Avaya Makes Marketing Strides to Become Sales-Led Partner Organization

Avaya is a year into its 18-month turnaround.

Edward Gately, Senior News Editor

January 23, 2019

4 Min Read
Avaya Cloud Solutions at Engage 2019

(Pictured above: Avaya shows off its cloud solutions in the Solutions Expo at Avaya Engage, Jan. 22.)

AVAYA ENGAGE — Avaya has streamlined and simplified its branding and marketing to achieve its goal of being a sales-led partner organization.

That’s according to Becky Carr, Avaya’s head of global marketing. She gave an update on marketing and priorities Tuesday at Avaya Engage 2019 in Austin, Texas. Avaya is a year into its 18-month turnaround, and president and CEO Jim Chirico said 2018 was the first chapter of improving his company’s trajectory as a business.

There are a lot of new competitors in the market giving Avaya a run for its money, which “gave us a great opportunity to revitalize the brand,” Carr said.
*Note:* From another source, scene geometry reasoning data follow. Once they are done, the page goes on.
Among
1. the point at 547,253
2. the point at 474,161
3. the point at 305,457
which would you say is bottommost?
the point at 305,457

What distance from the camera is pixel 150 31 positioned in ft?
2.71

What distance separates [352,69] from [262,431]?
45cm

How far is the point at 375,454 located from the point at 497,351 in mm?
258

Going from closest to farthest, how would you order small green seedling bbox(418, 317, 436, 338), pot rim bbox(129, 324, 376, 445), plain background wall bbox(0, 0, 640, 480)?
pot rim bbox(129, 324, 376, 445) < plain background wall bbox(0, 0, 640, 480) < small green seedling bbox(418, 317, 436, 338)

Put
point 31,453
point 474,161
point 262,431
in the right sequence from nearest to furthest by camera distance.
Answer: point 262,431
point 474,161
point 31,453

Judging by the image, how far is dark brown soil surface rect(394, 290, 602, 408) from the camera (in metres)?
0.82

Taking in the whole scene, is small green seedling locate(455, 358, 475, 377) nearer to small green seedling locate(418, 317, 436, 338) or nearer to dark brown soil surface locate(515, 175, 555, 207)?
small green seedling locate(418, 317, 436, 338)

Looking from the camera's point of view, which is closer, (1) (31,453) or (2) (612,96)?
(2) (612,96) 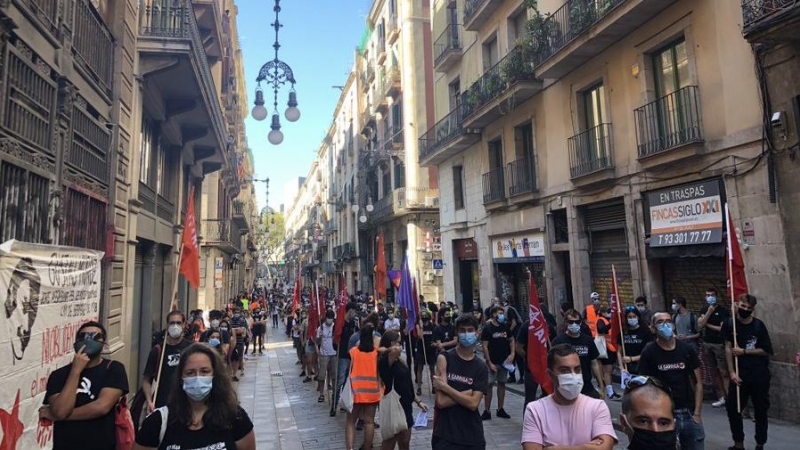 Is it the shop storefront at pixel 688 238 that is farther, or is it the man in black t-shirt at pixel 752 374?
the shop storefront at pixel 688 238

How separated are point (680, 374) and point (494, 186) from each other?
13.3m

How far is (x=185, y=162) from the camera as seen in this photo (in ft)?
54.6

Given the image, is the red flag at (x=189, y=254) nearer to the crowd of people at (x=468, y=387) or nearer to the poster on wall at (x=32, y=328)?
the crowd of people at (x=468, y=387)

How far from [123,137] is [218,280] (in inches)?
644

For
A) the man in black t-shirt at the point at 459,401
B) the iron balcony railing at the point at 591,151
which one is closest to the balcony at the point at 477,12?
the iron balcony railing at the point at 591,151

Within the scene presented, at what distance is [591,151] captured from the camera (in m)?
13.0

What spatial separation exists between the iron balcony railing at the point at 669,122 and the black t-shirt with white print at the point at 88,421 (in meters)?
9.91

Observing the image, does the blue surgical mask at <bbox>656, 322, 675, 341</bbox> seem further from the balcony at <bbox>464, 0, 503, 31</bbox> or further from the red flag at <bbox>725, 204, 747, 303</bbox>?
the balcony at <bbox>464, 0, 503, 31</bbox>

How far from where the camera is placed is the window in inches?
837

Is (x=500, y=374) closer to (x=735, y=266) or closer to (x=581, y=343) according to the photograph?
(x=581, y=343)

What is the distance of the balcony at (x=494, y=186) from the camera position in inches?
686

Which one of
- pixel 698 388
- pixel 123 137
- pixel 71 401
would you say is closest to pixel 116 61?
pixel 123 137

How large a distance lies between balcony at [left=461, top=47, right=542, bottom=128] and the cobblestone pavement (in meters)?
8.86

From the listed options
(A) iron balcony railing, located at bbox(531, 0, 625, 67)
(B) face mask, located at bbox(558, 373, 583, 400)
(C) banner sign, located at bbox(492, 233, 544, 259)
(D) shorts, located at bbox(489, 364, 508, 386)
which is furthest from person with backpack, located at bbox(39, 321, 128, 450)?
(C) banner sign, located at bbox(492, 233, 544, 259)
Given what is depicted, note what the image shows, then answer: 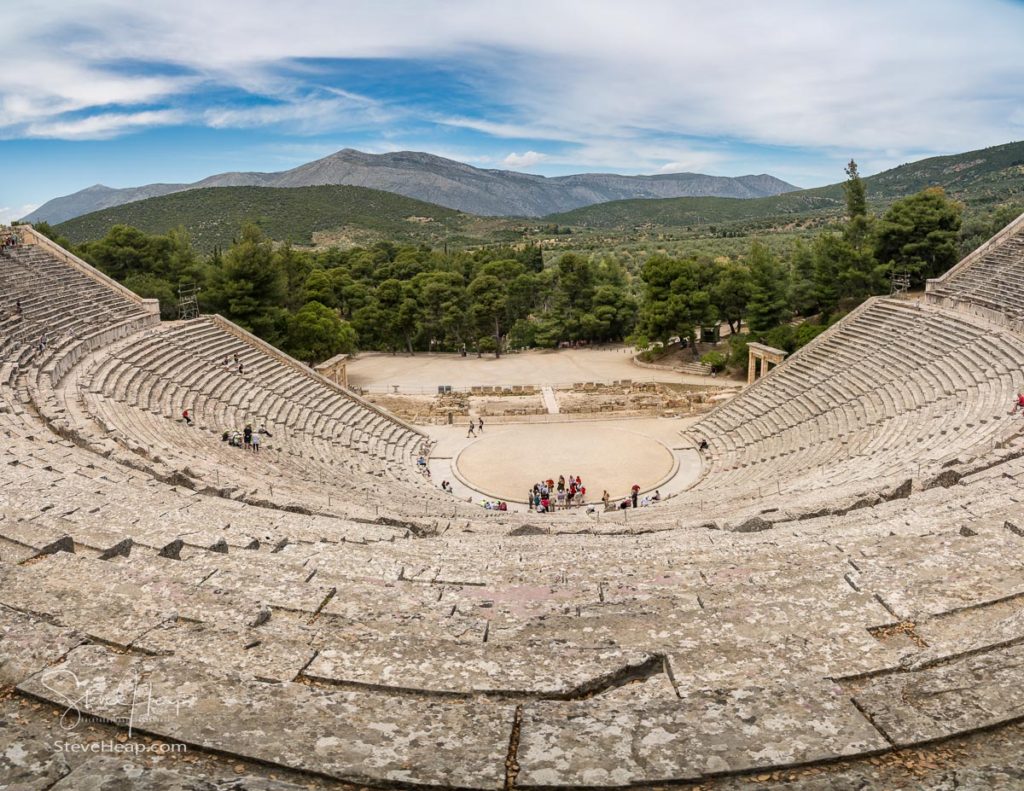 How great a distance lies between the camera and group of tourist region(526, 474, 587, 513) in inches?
734

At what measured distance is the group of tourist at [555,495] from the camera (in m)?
18.6

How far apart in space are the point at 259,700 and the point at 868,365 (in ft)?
78.7

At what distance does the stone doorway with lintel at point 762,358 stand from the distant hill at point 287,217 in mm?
63445

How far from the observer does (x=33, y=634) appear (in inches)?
149

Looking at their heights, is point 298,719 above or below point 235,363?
above

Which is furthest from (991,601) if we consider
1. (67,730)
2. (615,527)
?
(615,527)

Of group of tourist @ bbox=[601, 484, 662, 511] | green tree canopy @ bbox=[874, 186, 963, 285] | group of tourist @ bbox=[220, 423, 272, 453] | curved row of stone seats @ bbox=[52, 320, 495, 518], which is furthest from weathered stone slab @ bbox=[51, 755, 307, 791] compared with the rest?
green tree canopy @ bbox=[874, 186, 963, 285]

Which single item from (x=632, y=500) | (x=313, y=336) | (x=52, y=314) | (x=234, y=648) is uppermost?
Result: (x=52, y=314)

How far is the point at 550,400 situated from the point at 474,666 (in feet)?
90.2

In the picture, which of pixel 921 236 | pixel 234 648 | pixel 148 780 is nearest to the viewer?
pixel 148 780

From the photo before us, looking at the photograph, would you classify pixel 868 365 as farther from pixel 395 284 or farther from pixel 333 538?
pixel 395 284

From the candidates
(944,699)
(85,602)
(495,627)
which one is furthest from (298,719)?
(944,699)

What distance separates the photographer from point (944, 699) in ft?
10.4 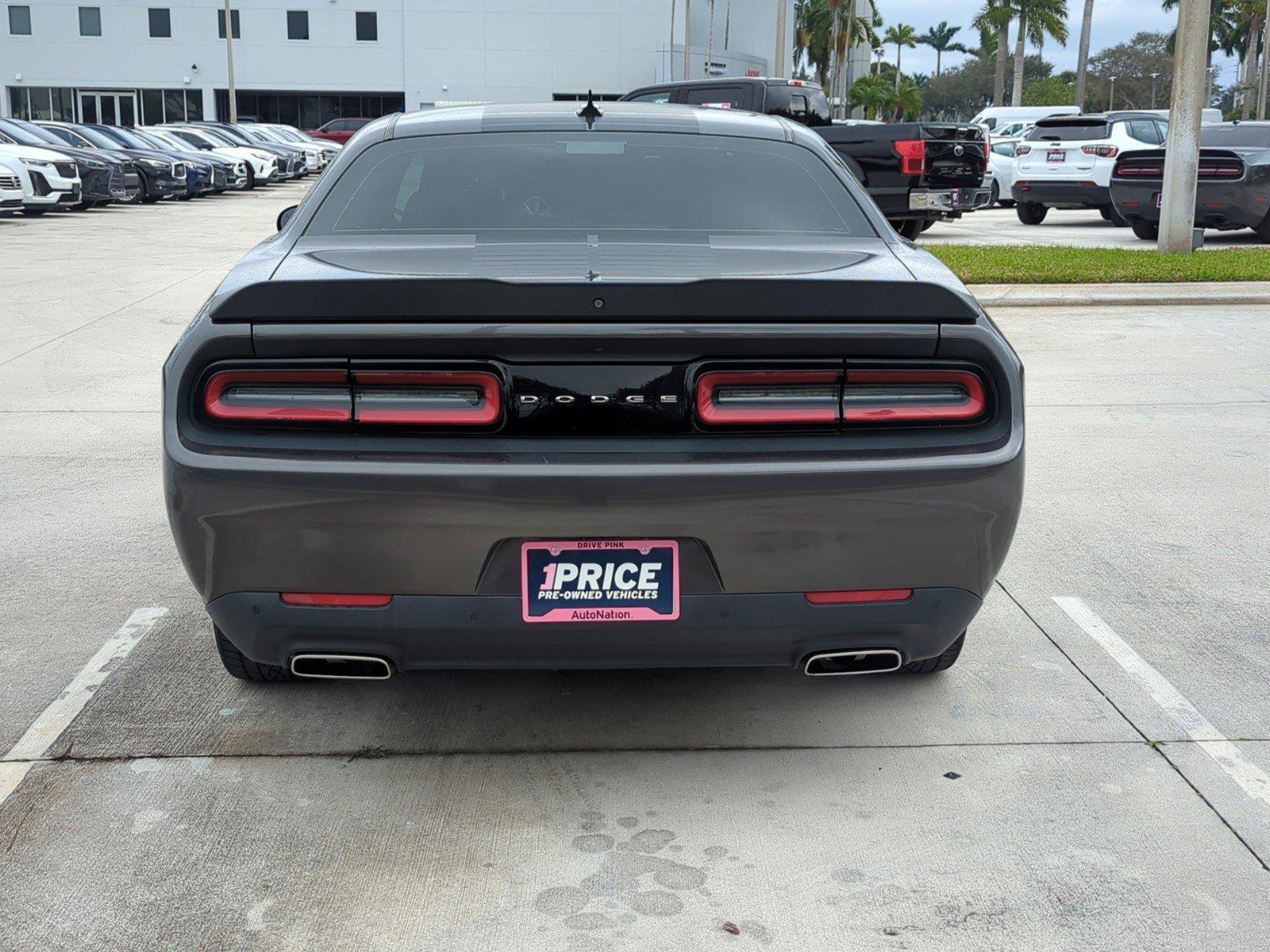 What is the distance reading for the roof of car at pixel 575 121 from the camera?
4230 millimetres

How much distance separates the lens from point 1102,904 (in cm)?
278

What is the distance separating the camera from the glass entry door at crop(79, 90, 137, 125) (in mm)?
64938

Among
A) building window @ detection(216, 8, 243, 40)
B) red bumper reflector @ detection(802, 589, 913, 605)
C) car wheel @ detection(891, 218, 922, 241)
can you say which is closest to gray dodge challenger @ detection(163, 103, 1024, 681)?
red bumper reflector @ detection(802, 589, 913, 605)

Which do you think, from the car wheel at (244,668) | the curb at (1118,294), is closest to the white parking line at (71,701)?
the car wheel at (244,668)

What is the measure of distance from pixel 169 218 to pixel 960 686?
2221 cm

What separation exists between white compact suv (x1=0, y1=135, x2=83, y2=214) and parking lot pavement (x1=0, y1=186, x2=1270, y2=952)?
1845 centimetres

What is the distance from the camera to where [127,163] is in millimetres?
26422

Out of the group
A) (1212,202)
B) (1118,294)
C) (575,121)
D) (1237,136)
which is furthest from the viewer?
(1237,136)

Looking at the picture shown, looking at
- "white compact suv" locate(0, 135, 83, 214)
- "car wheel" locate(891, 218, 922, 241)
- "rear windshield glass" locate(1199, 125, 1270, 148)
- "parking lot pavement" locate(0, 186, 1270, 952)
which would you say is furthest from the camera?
"white compact suv" locate(0, 135, 83, 214)

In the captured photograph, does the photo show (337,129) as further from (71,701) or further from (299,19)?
(71,701)

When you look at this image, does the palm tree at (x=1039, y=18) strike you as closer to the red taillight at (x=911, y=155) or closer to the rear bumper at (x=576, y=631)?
the red taillight at (x=911, y=155)

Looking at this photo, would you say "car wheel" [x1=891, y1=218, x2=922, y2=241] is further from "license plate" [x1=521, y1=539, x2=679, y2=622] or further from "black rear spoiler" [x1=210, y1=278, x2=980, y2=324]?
"license plate" [x1=521, y1=539, x2=679, y2=622]

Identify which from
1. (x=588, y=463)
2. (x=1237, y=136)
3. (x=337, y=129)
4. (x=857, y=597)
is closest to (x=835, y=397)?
(x=857, y=597)

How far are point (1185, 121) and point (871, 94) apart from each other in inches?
3015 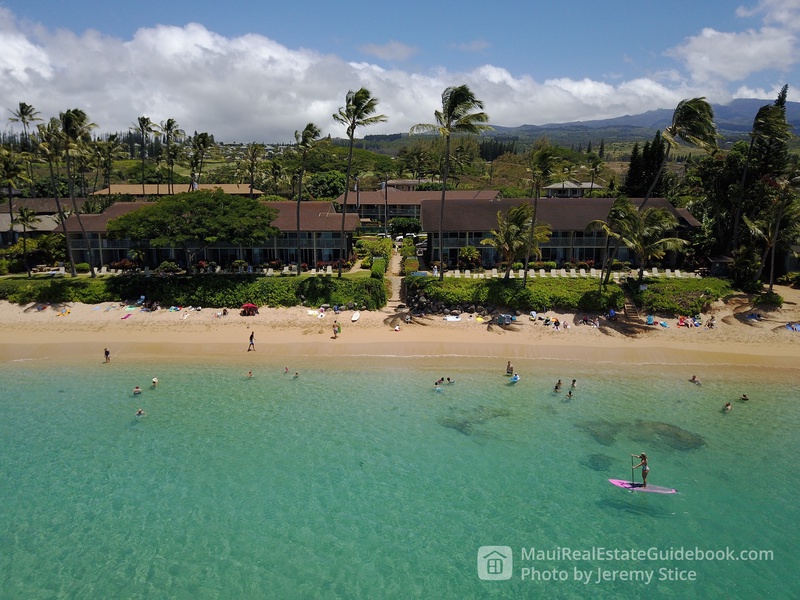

All the “great bones” were there; it’s just building around it, she said.

Everything has been product-centric with “product names all over the place … but the customer wasn’t [at] the center of everything,” she said.

In the last six months, Avaya has rewritten its website and simplified its portfolio, Carr said.

Carr-Becky_Avaya.jpg

Avaya’s Becky Carr

“Before, it was really unclear … and not contextualized around UC and CC,” she said. “Why should someone consider Avaya? So how do we set ourselves up in messaging? We’re going to be simple, plainspoken, confident in our value.”

This culminated in Avaya rolling out a simplified branding architecture for its solutions portfolio, based on input from customers and partners. Avaya Intelligent Xperiences – or Avaya IX – includes the entire portfolio of solutions for contact center, unified communications and collaboration.

Three months ago, partners had 17 different Avaya websites to use, increasing complexity, so the company launched a consolidated sales site that provides access to everything they need, Carr said.

“We are putting a lot of emphasis on our partners … arming them to win in the market,” she said. “We need to make them successful or we’re going to fail.”

Avaya is all about generating leads, with 80 percent going to partners instead of direct sales. In the past, Avaya has sent partners “hundreds of leads,” but now it’s not going to send something unless it makes good use of a partner’s time, Carr said.

“I’ve been pretty excited about how far we’ve come in a short time, and we have a long way to go,” Carr said. “This is something we take very seriously. I’m excited to come back next year and share the impact marketing has had. We’re operating on all cylinders.”

Also Tuesday, Avaya and Verint Systems announced an expansion of their partnership to introduce cloud deployments for Avaya Workforce Engagement Management, designed to improve customer experience through operational intelligence in the contact center.

Avaya also unveiled an integrated Slack app for Avaya communication platforms, an extension of its cloud-native application ecosystem delivering a more consumerized and user-driven approach.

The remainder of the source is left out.